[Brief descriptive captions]
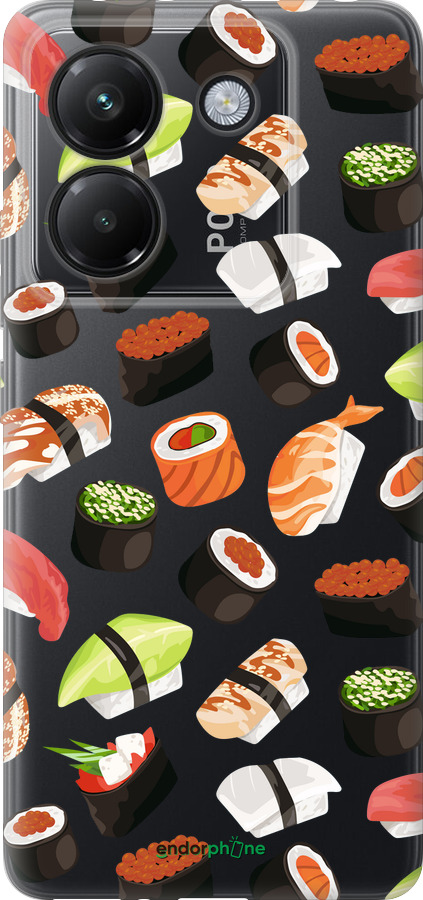 Силиконовый чехол Суши для Xiaomi Poco M7 Pro 5G - 4404u-3942 изображение 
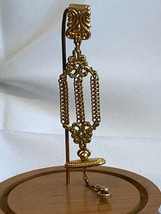 Antique Austin &amp; Stone Gold Filled Pocket Watch Fob Vest Chain Fashion J... - £70.92 GBP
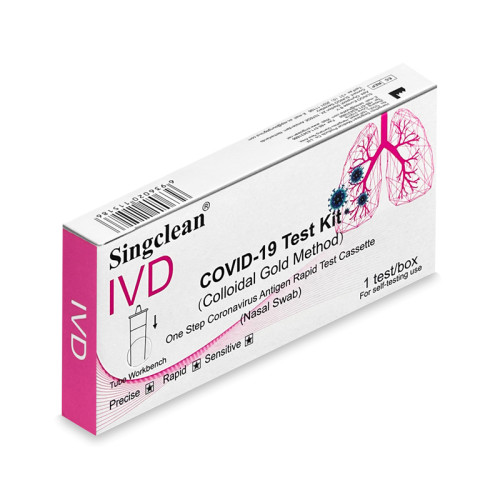 Test antigenico rapido covid-19 singclean autodiagnostico determinazione qualitativa antigeni sars-cov-2 in tamponi nasali mediante immunocromatografia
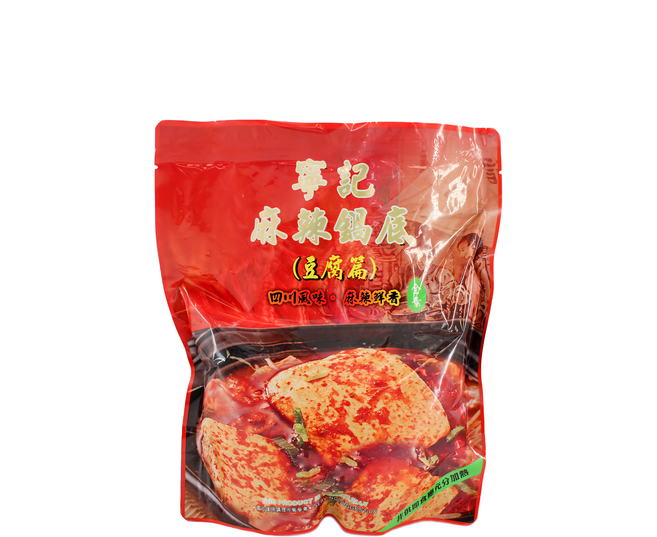 寧記 麻辣鍋底 豆腐篇, 1kg, 1包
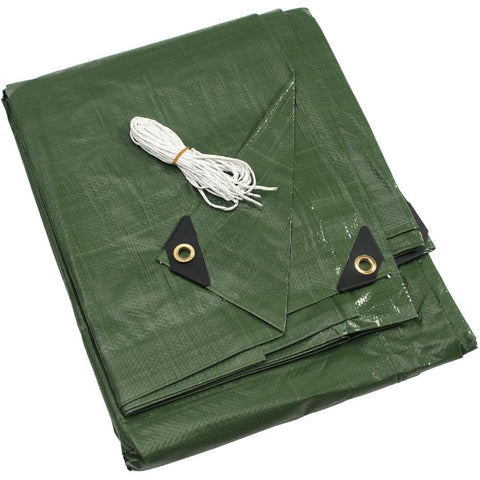12' x 14' Olive Green Poly Tarpaulin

What you should do »
Leave the pictures out and restate exactly the lines from the one that has "Test antigenico rapido" through the final line of the entries above, both ends included.

Answer »
 Test antigenico rapido covid-19 singclean autodiagnostico determinazione qualitativa antigeni sars-cov-2 in tamponi nasali mediante immunocromatografia
 寧記 麻辣鍋底 豆腐篇, 1kg, 1包
12' x 14' Olive Green Poly Tarpaulin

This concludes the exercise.